-- Opening Marker --

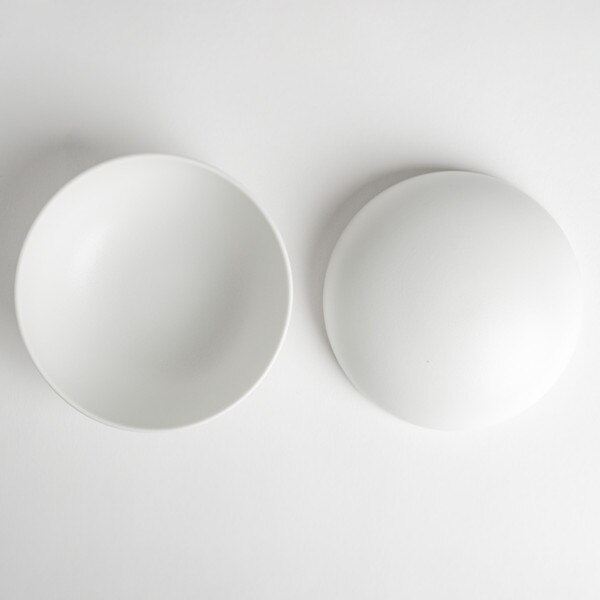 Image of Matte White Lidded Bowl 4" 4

-- Closing Marker --
-- Opening Marker --

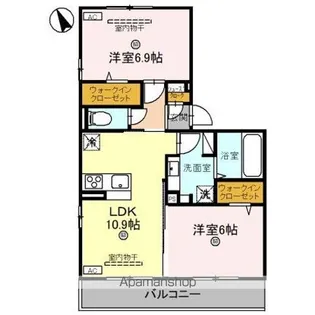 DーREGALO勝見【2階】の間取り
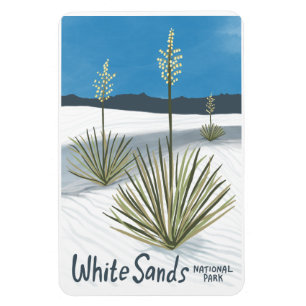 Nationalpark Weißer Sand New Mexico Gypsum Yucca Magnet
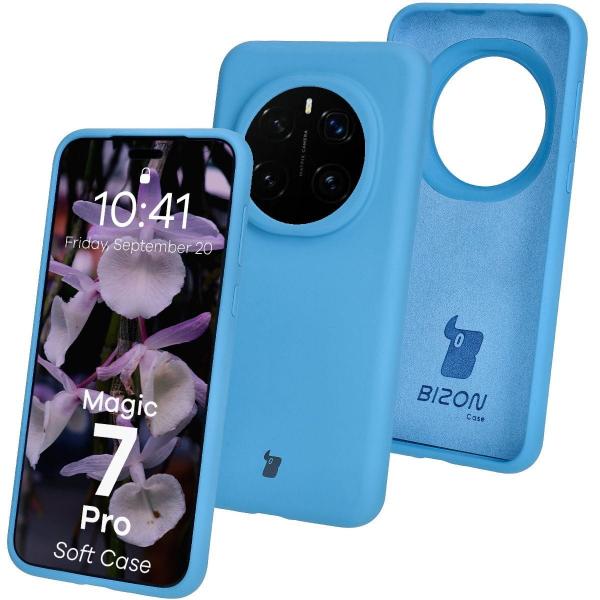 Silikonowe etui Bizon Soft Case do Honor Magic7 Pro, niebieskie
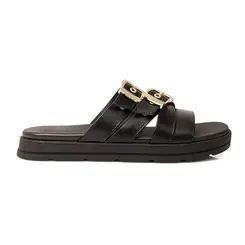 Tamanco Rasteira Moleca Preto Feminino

-- Closing Marker --

Give again, exactly as written above, each line from the one that has "Silikonowe etui Bizon" to the one that has "Tamanco Rasteira Moleca Preto Feminino", both included; omit the pictures.

 Silikonowe etui Bizon Soft Case do Honor Magic7 Pro, niebieskie
 Tamanco Rasteira Moleca Preto Feminino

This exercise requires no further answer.